Burn (Pure #3)(95)



“Is that right?” Maybe she has power and Beckley is challenging it, for Lyda’s sake or hers.

Lyda’s mother turns; her skirt flares around her. She grabs her pocketbook, and says, “I can’t work under these conditions! I’m a professional.”

She’s here working? She’s a professional mother? Pressia doesn’t understand.

Lyda’s mother walks to the door. “I want the nursery dismantled. I want it all hauled away and everything replaced. Every last thing. You hear me?” Her voice is cold and distant.

Beckley doesn’t answer. He unlocks the door and holds it open wide. As she steps through it, she glances back at Pressia. She doesn’t look angry now; it’s as if that emotion has suddenly faded and what’s surfaced in its place is fear.

Pressia likes it. She thinks of El Capitan—fear is power. No wonder he liked it all those years. It made him feel protected and safe.

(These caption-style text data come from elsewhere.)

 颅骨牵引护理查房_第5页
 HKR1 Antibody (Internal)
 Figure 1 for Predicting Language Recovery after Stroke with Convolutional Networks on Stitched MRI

Beckley closes the door behind Lyda’s mother and turns to Pressia. “I’ll get the Culp family out of here,” he says. “You can go down that hall. Lyda’s probably in the nursery. The door on the right. It’ll be locked.”

“Thanks, Beckley,” she says.

“For what?” he says.

“You know.” He stuck up for her.

He nods and walks to the kitchen.

As Pressia walks down the hall, she smells something familiar—smoke.





LYDA





PROOF




No.

Partridge will come for her. They’ll start a new life. He loves her. She remembers walking with Partridge to the subway car, the dusty wind kicking up her cape. He kissed her, quickly, before Mother Hestra could catch them. After they lay with each other in the warden’s house, Partridge was the one who wanted her to come with him. The way he looked at her, the way he touched her, the way it felt when they were near each other—that was love, wasn’t it? Can love just disappear?

She was the one to tell Partridge to marry Iralene—to stop people from killing themselves. Wasn’t it the right thing to do? Was it a setup? Did Partridge want permission to betray her?

She looks around the nursery—the dismantled crib, the small mattress tilted against a wall next to a stack of ripped-up baby books and the bowl of ash where she burned page after page, the pile of spears she whittled from the slats, the shavings littering the floor, and the bags of yarn and knitting needles brought in by Chandry.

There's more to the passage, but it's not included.